**Instructions for the task**
Among the entries below, only the lines from the one with "CrimeDoor App Negative Reviews" through the one with "25P Thai Amateur-44" are to be retyped, exactly and without pictures.

**Material provided**
# # # # # # #

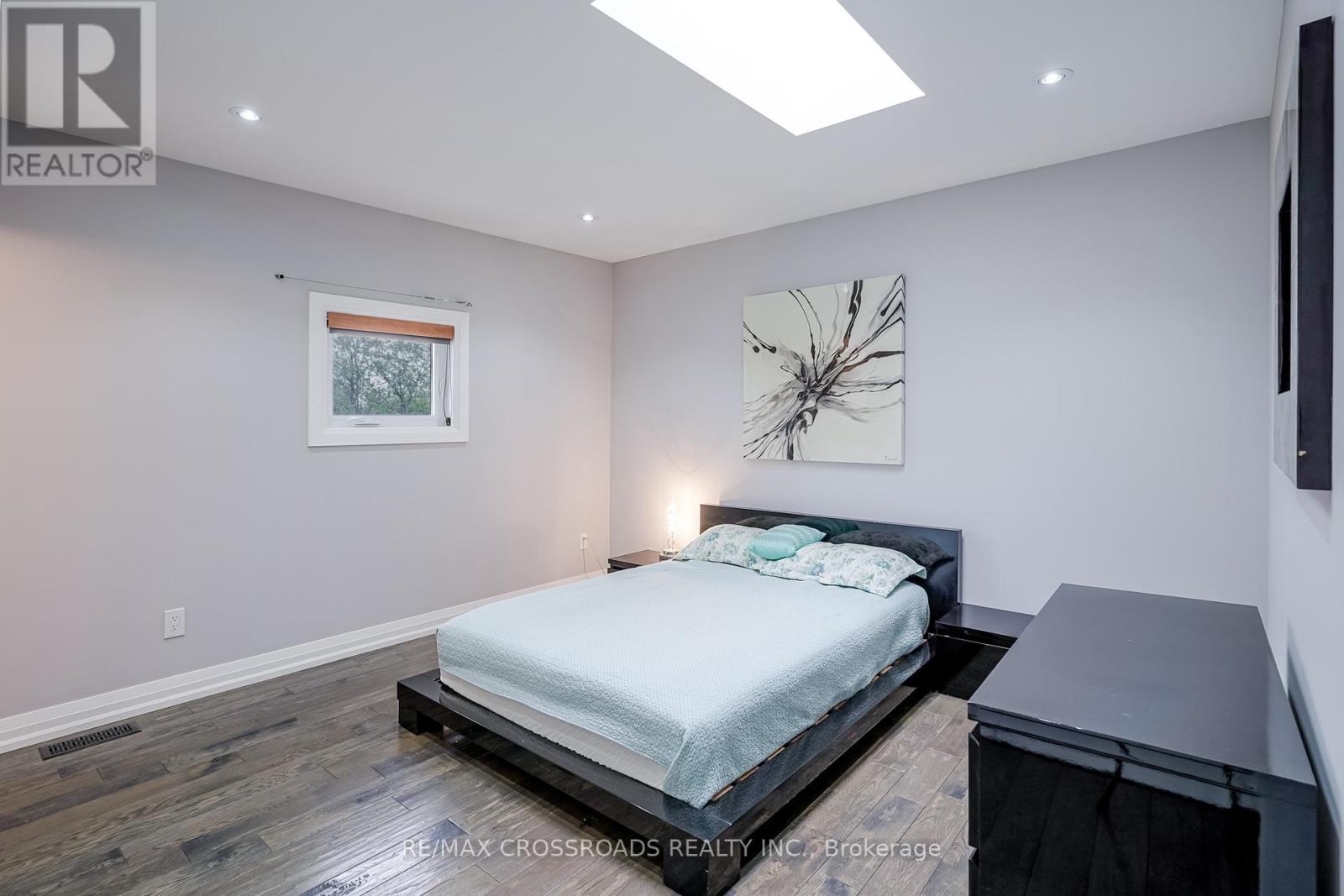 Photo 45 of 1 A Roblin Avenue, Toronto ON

# # # # # # #

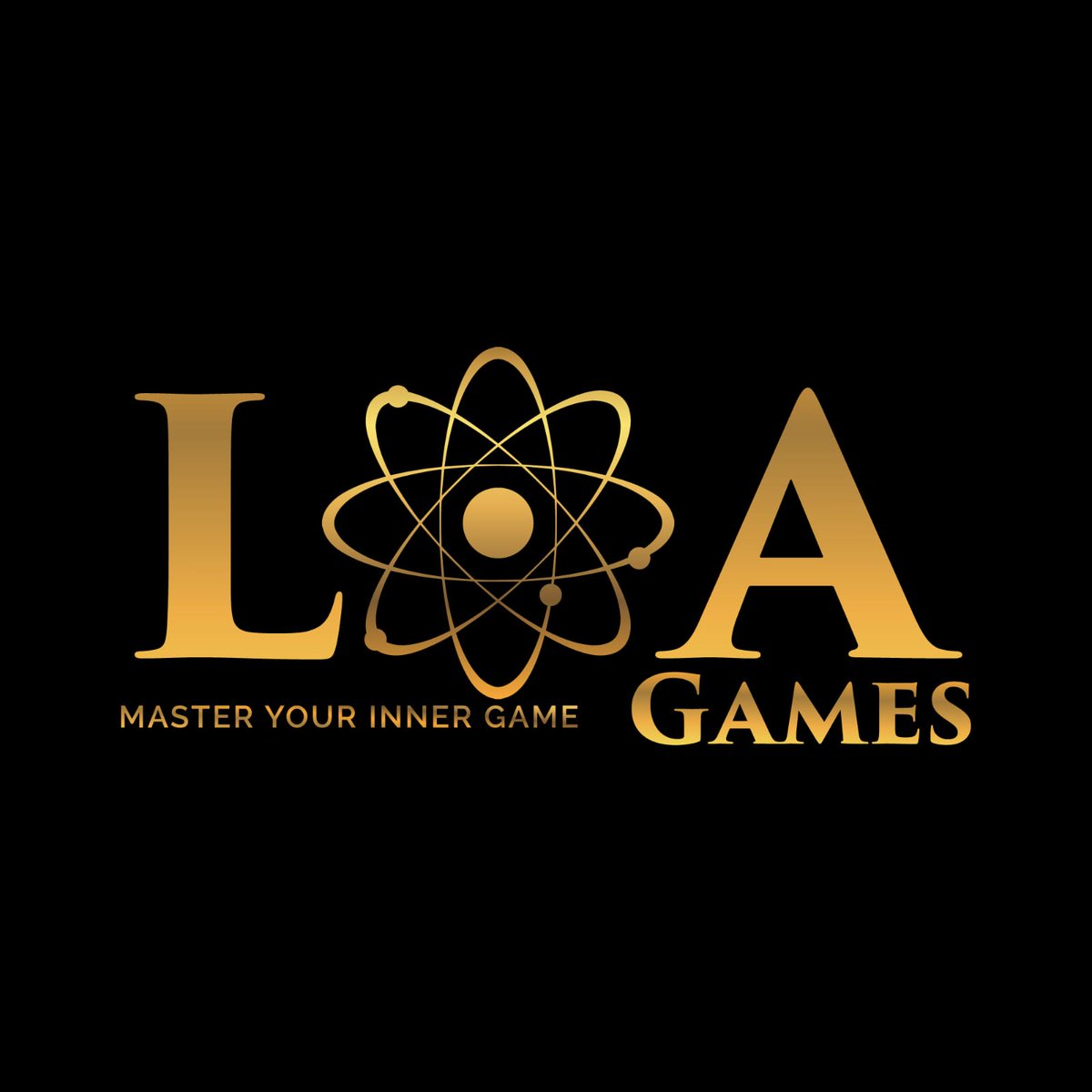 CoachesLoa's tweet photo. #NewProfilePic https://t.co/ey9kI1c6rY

# # # # # # #

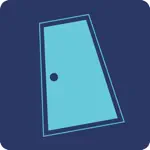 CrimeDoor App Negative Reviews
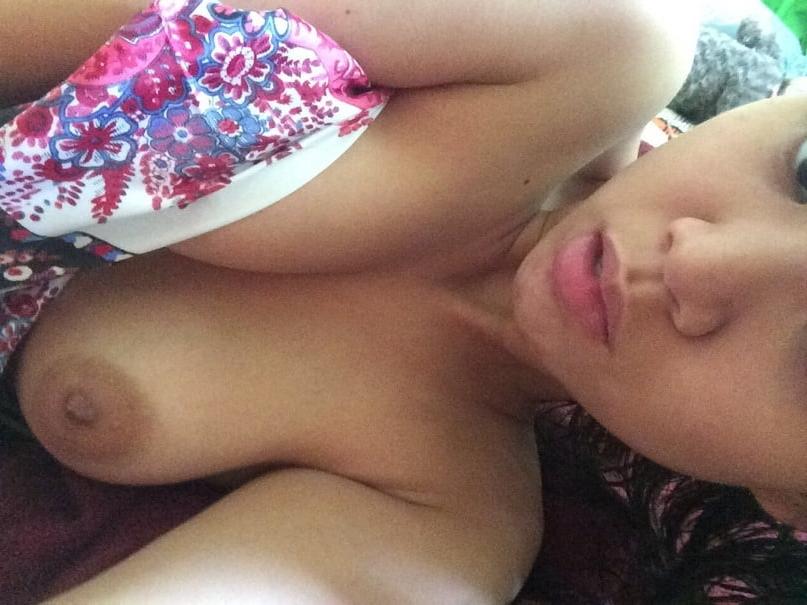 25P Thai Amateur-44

# # # # # # #

**Response to this exercise**
 CrimeDoor App Negative Reviews
 25P Thai Amateur-44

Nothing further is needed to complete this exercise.